Only the lines from the one containing "Malgorzata Socha feet photo thumbnail" through the last line below belong in your copy; transcribe them exactly and omit any pictures.

=== Given material ===
★ ★ ★

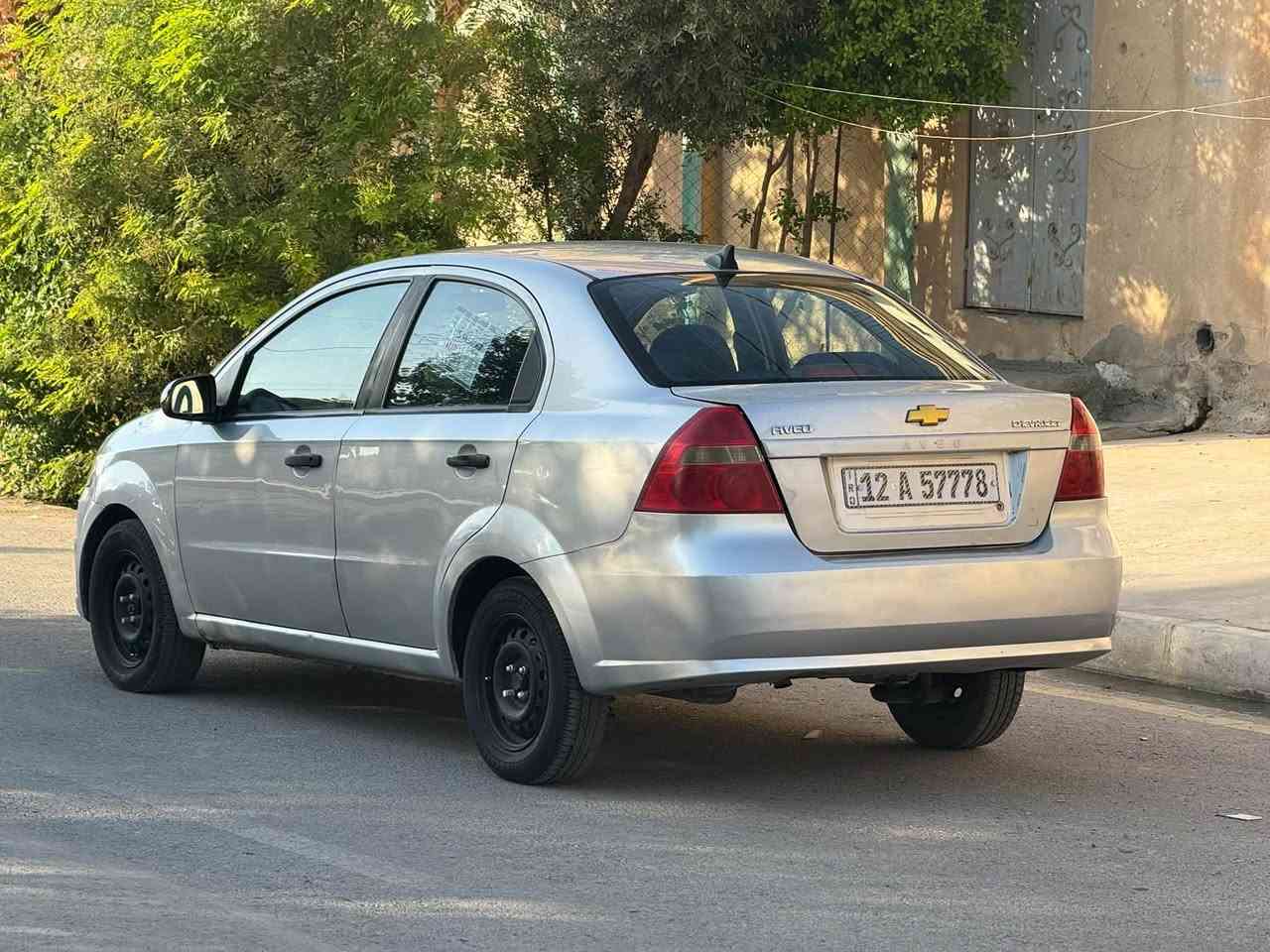 اڤيو للبيع سياره حيل نضيفه ضرره چاملق ول باقي تقحيل أو اثر  اشخوط اكو قطف مابيه صبق بس إني أبيعه حزام  گير طخم كلو نضيف مكينه حيل نضيفه طخم تاير ويل جديد سياره بسمي سنويه الثلثين ؟   ***********?? ***********?? سعر ٤٧ بيه مجال
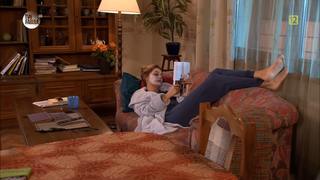 Malgorzata Socha feet photo thumbnail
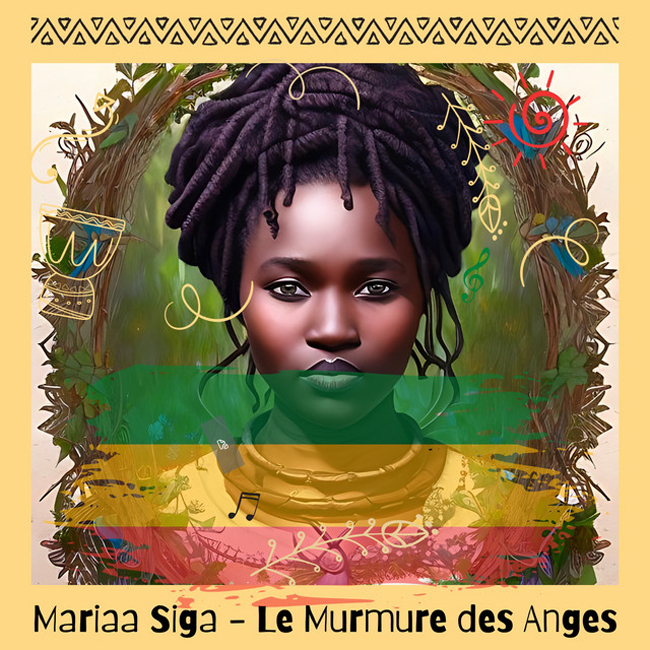 Mariaa Siga - Les Murmure des Anges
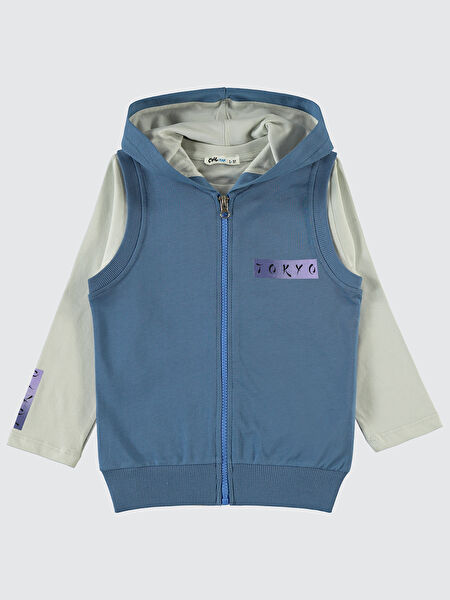 Civil Boys Erkek Çocuk Sweatshirt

★ ★ ★

=== Output for this task ===
 Malgorzata Socha feet photo thumbnail
 Mariaa Siga - Les Murmure des Anges
 Civil Boys Erkek Çocuk Sweatshirt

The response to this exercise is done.